Respondent: Receivables Performance Management LLC


Howard George (C.E.O.)
20816 44th Ave W.
Lynnwood, WA
98036
March____, 2014
Subject: NOTICE of DISPUTE OF DEBT and Written Request for Verification of Debt,
Petition for Agreement and Harmony within the admiralty in the Nature of a
NOTICE OF CONDITIONAL ACCEPTANCE
NOTICE OF INTERNATIONAL COMMERCIAL
CLAIM IN ADMIRALTY ADMINISTRATIVE REMEDY
[ 28 U.S.C. 1333 and 1337 ]
Respondent is additionally subject to postal statutes and the jurisdiction of the
Universal Postal Union.
Reference: Your letter, dated February 28, 2014; Reference No. 43486539
Sir,
It is hereby requested in writing that you provide verification of this alleged debt within the time set
certain at thirty (30) days, excluding the day of receipt.
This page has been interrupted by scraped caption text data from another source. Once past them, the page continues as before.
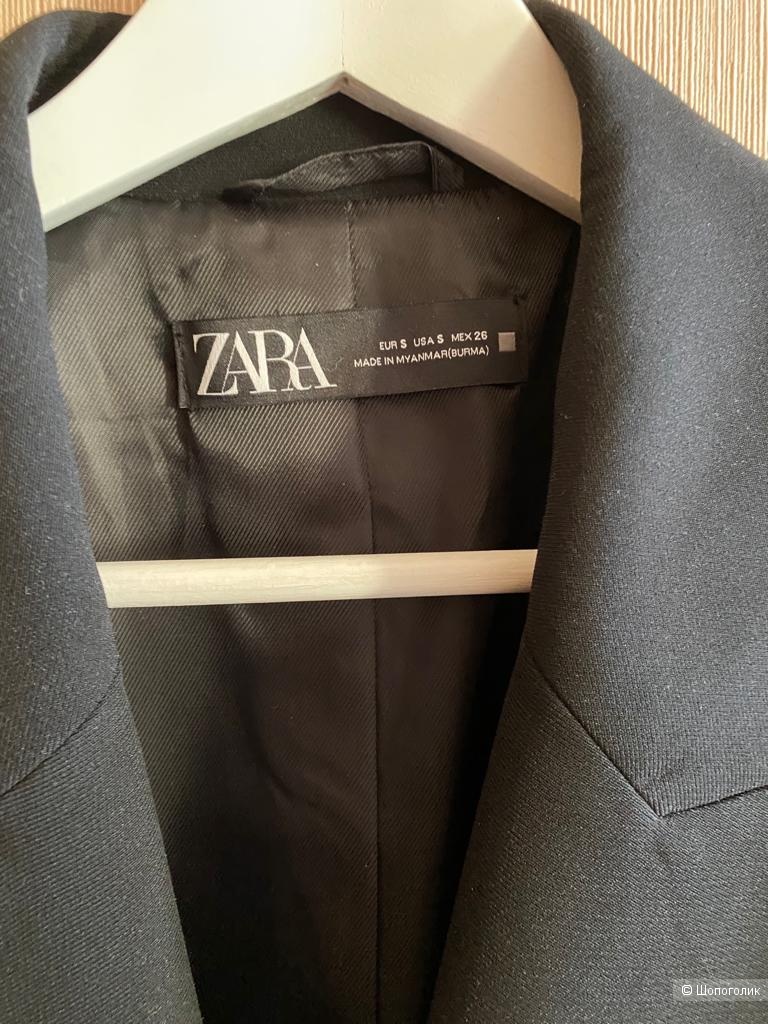 Пиджак Zara S-M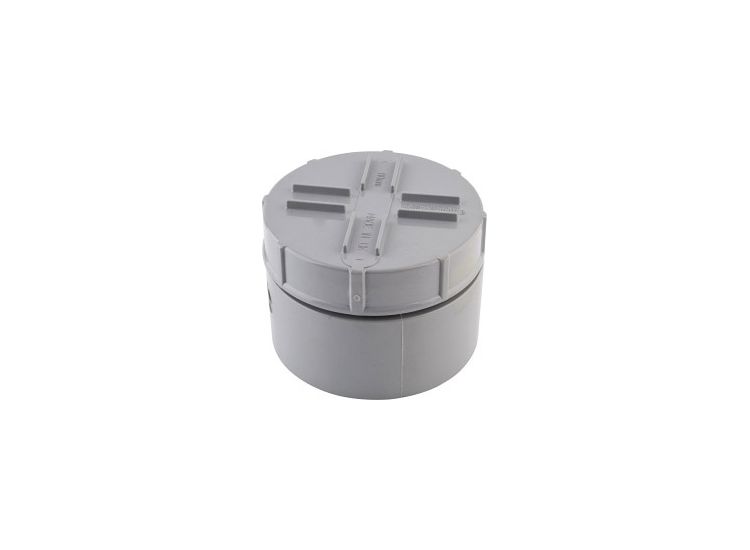 Polypipe SA63B Access Cap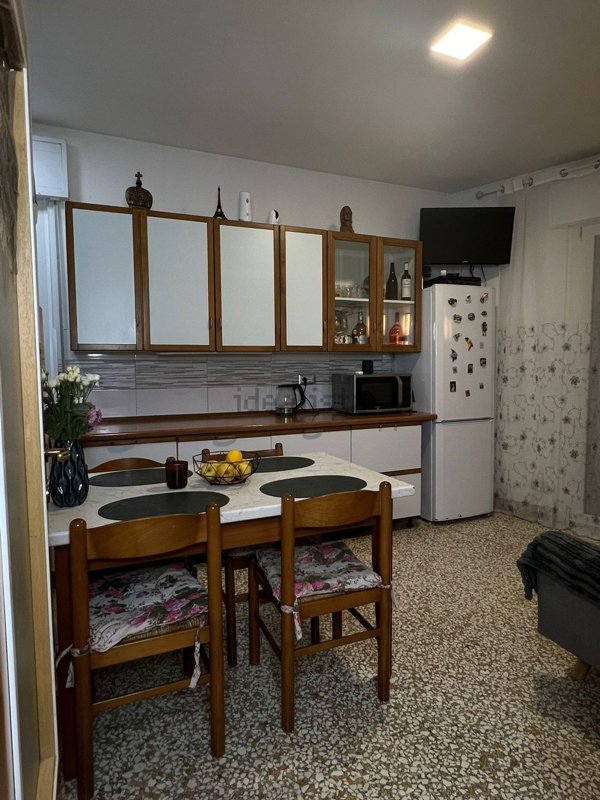 appartamento in vendita a Venezia in zona Mestre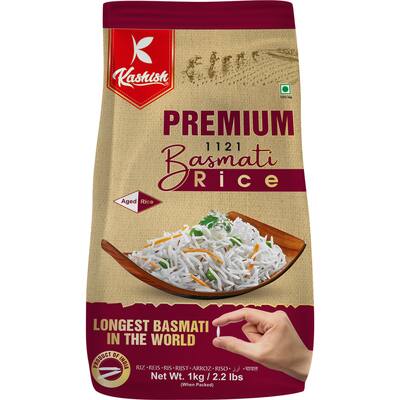 kashish basmati rice basmati rice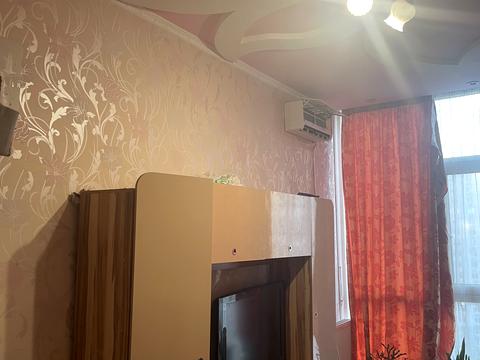 квартира по адресу Жемчужная ул., 3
The verification of debt is to be as follows:
1) Name and address of the holder in due course of the alleged Debt;
2) A copy of the original signed Contract and all of its amendments, addendums, between the
parties;
3) Copy of the original signature for each item listed on the account statements;
4) Verification is to be attested, under penalty of perjury, by a wet ink signature.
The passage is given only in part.